Three-Phase Commit (3PC) — Consensus

Overview

What this concept solves

Three-Phase Commit (3PC) is 2PC's response to its own famous blocking weakness. The fix is precisely one extra phase, inserted between the vote and the commit, with a single purpose: make sure that if any participant has been told the decision is COMMIT, then every other live participant also knows it. That extra information is what lets the survivors decide on their own when the coordinator dies.

The three phases are CanCommit, PreCommit, and DoCommit. CanCommit collects votes (just like 2PC's Prepare). PreCommit is the new bit: once the coordinator has every YES, it sends a pre-commit notice — "we are going to commit" — and waits for acks. Only after a quorum has acked PreCommit does the coordinator send the actual DoCommit. The PreCommit acts as the signal: if every live participant reached it, the consensus is implicit, and a survivor can finish the job without the coordinator.

The catch — and it's a big one — is that 3PC is only safe under synchronous-network assumptions: messages must be either delivered within a known timeout or definitely lost. Real networks aren't synchronous; they're partitioned, GC-paused, and unpredictable. So 3PC is studied a lot more often than it is shipped. In production, the real fix for the 2PC blocking case is to replicate the coordinator with Paxos or Raft instead.

Mechanics

How it works

Phase 1 — CanCommit (collect votes)

Coordinator sends CAN-COMMIT? to every participant.
Each participant replies YES (it could commit if asked) or NO. Crucially, the participant does not yet write to its log or hold locks heavily — this is a feasibility check.
If anyone answers NO, the coordinator immediately aborts and broadcasts ABORT. Done.

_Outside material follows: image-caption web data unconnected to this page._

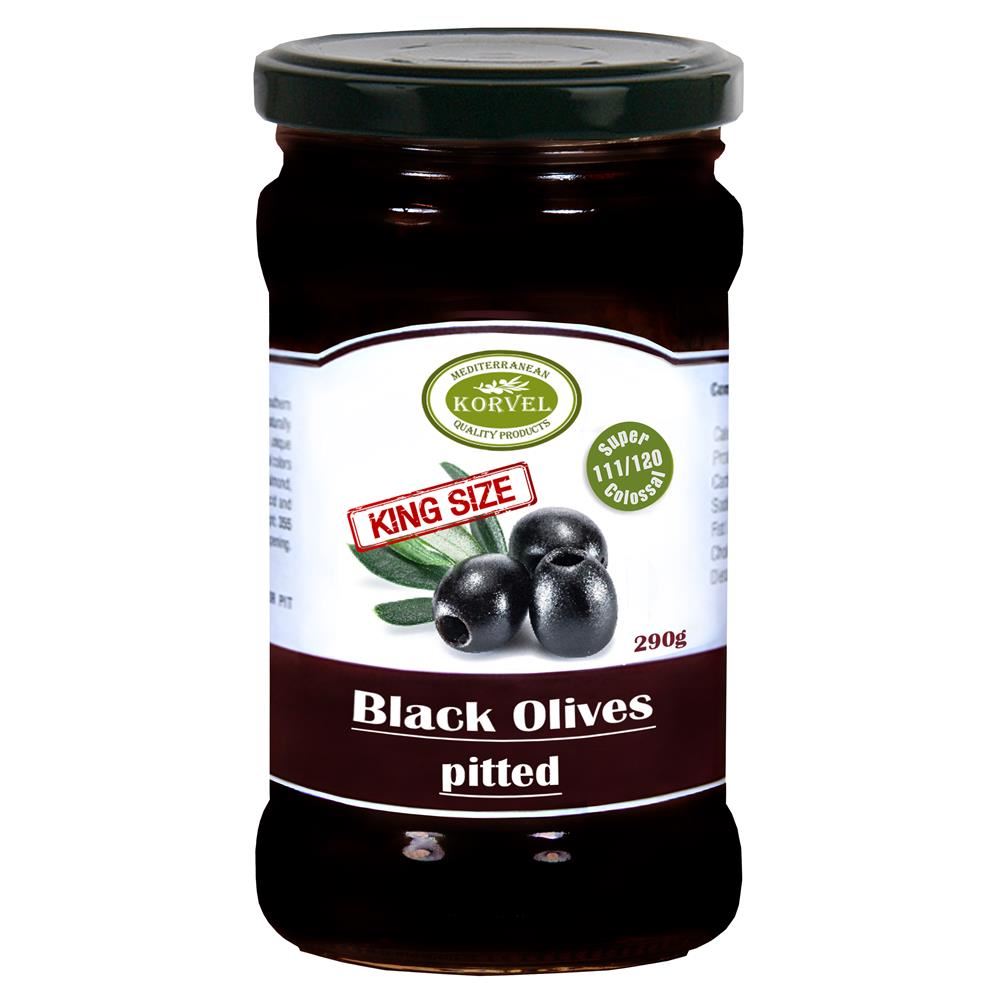 Korvel Greek Black Olives Pitted Super Colossal 290g - 12 Pack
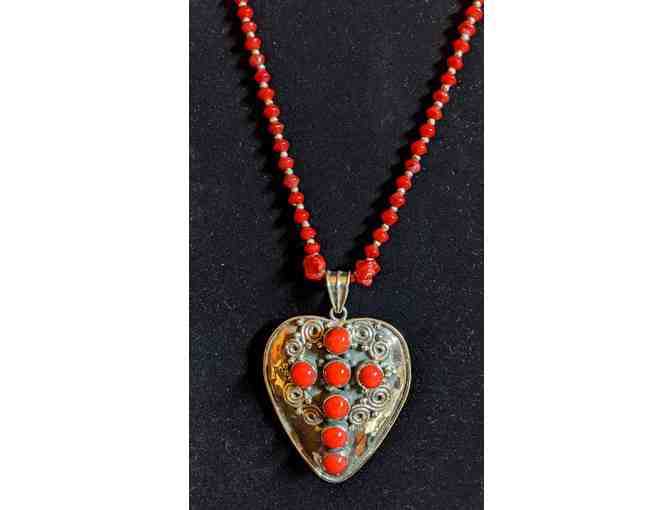 Coral and Silver Heart Necklace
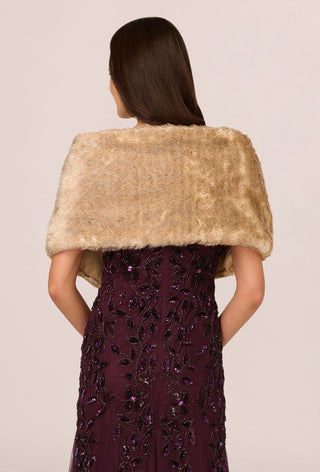 Faux fur wrap stola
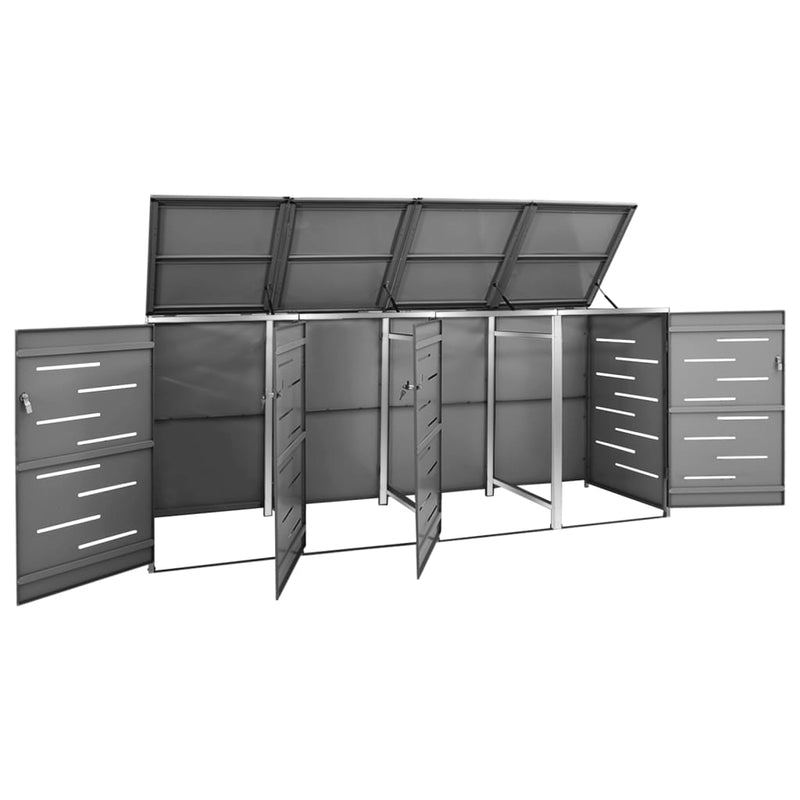 Load image into Gallery viewer, VidaXL Containerberging vierdubbel 276,5x77,5x112,5 cm roestvrij staal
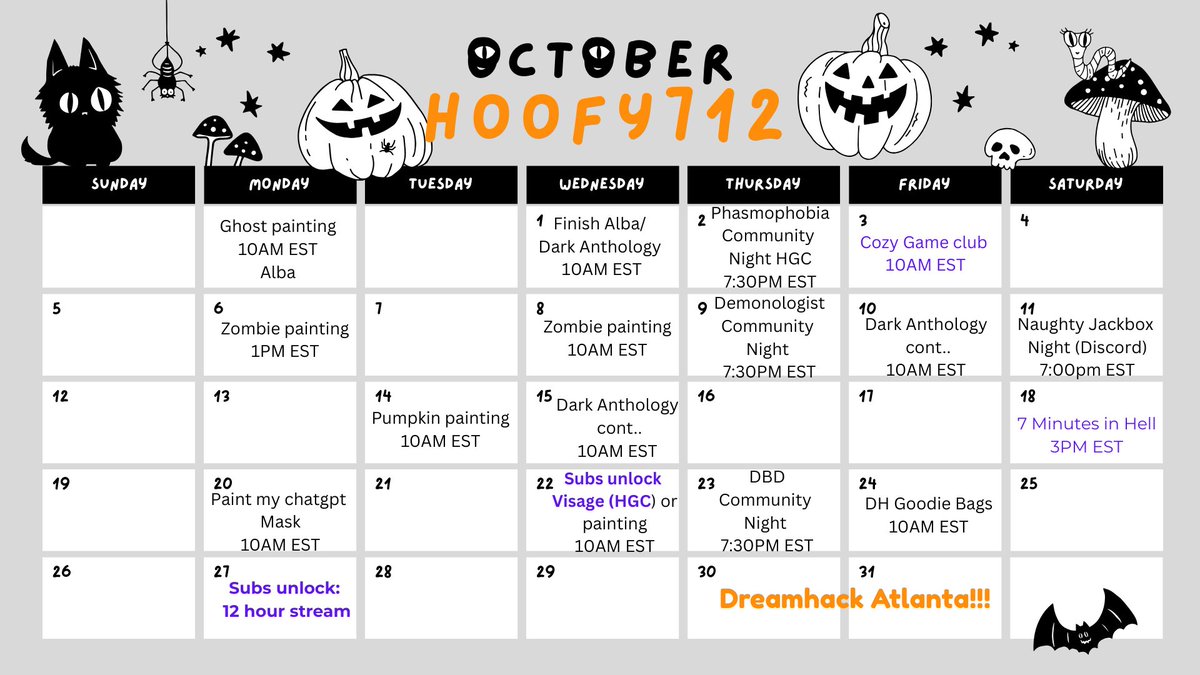 hoofy712's tweet photo. Stream Schedule for October!! 

We will be doing some #horrorgameclub picks and also have some subs unlock game and a 12 hour stream. Also have a Wheel of Torture and Wheel of Distraction for subs!! 
 
*I am a mom and have a chronic health condition, so things may change https://t.co/1teM32kK2a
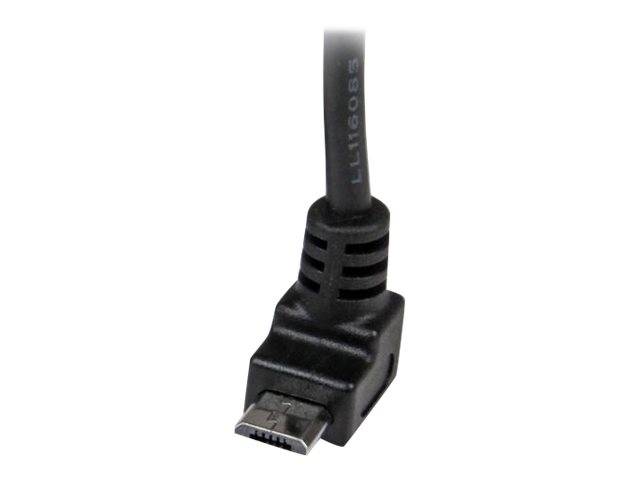 StarTech.com 1m USB 2.0 A auf Micro B Kabel aufwärtsgewinkelt - Schwarz - USB A / Micro B Datenkabel / Anschlusskabel -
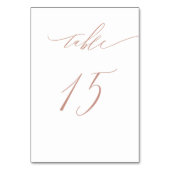 Elegant White Rose Gold Script No. 15 Wedding Kaart (Voorkant)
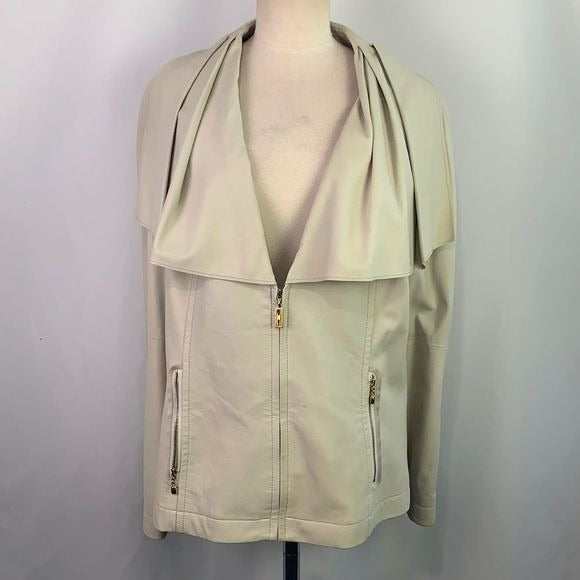 St. John cream pleated zip lamb leather jacket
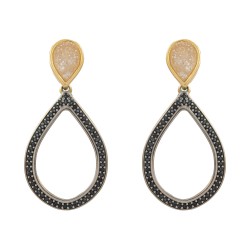 Brinco Fane's Pedra Natural Drusa Zircônia Dourado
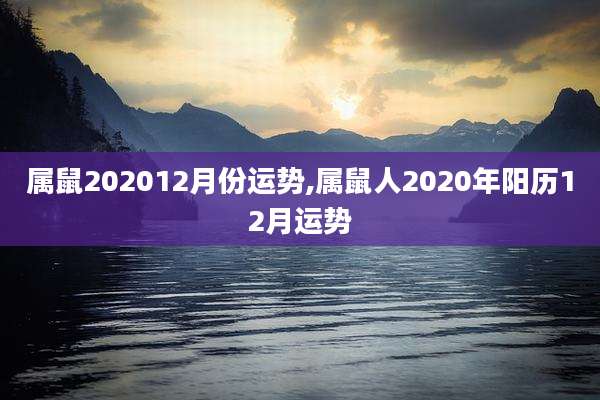 属鼠202012月份运势,属鼠人2020年阳历12月运势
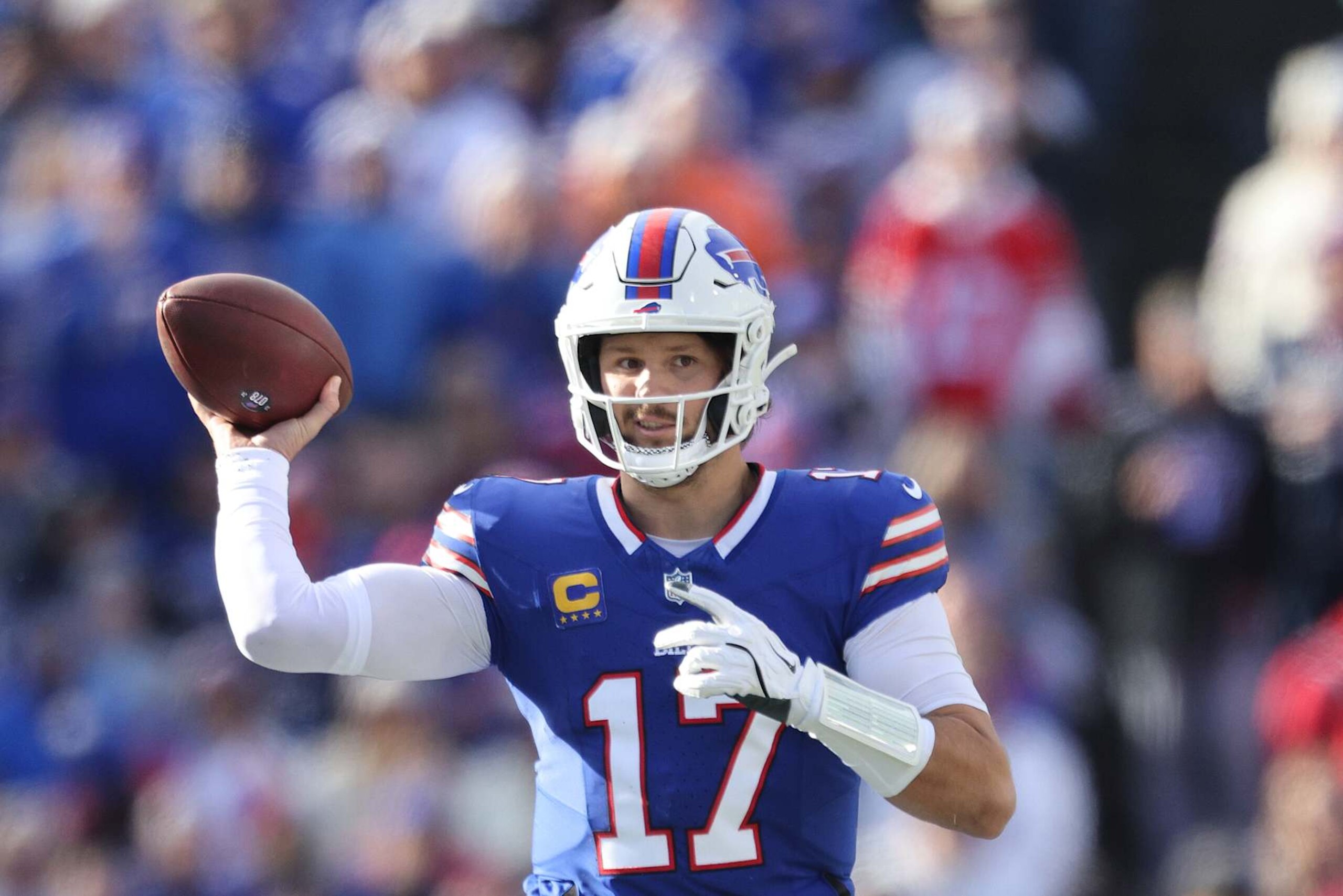 ORCHARD PARK, NEW YORK - NOVEMBER 03: Josh Allen #17 of the Buffalo Bills throws a pass against the Miami Dolphins during the second quarter at Highmark Stadium on November 03, 2024 in Orchard Park, New York. (Photo by Bryan M. Bennett/Getty Images)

Phase 2 — PreCommit (the new phase)

If every reply was YES, the coordinator writes PRE-COMMIT to its log and sends PRE-COMMIT to every participant.
Each participant prepares durably (the heavy lifting of writing the redo/undo log, locking rows) and replies ACK.
Once the coordinator has acks from a majority — and only then — it knows the decision can survive its own death. Move to Phase 3.

Phase 3 — DoCommit

Coordinator sends DO-COMMIT to every participant.
Each participant applies the transaction permanently, releases locks, and replies ACK.

Why the new phase prevents blocking

If the coordinator dies during Phase 3, the survivors check among themselves: did anyone reach PreCommit? If yes, then by the protocol's invariant every survivor reached PreCommit, which means the coordinator could only have decided to commit — they finish the commit on their own. If no, they all abort safely. Either way, no blocking.

Why production rarely ships 3PC

3PC's safety proof depends on a network where every message either arrives within a known bound or is detectably lost. Real wide-area networks have unbounded delays and silent packet loss — under those conditions a partitioned survivor can mistakenly believe the coordinator is dead and commit, while the coordinator was actually alive on the other side of the partition and aborted. So the textbook answer for production is: replicate the coordinator with Raft.

Interactive prototype

Run it. Break it. Tune it.

Sandboxed simulation embedded right in the page. No setup, no install.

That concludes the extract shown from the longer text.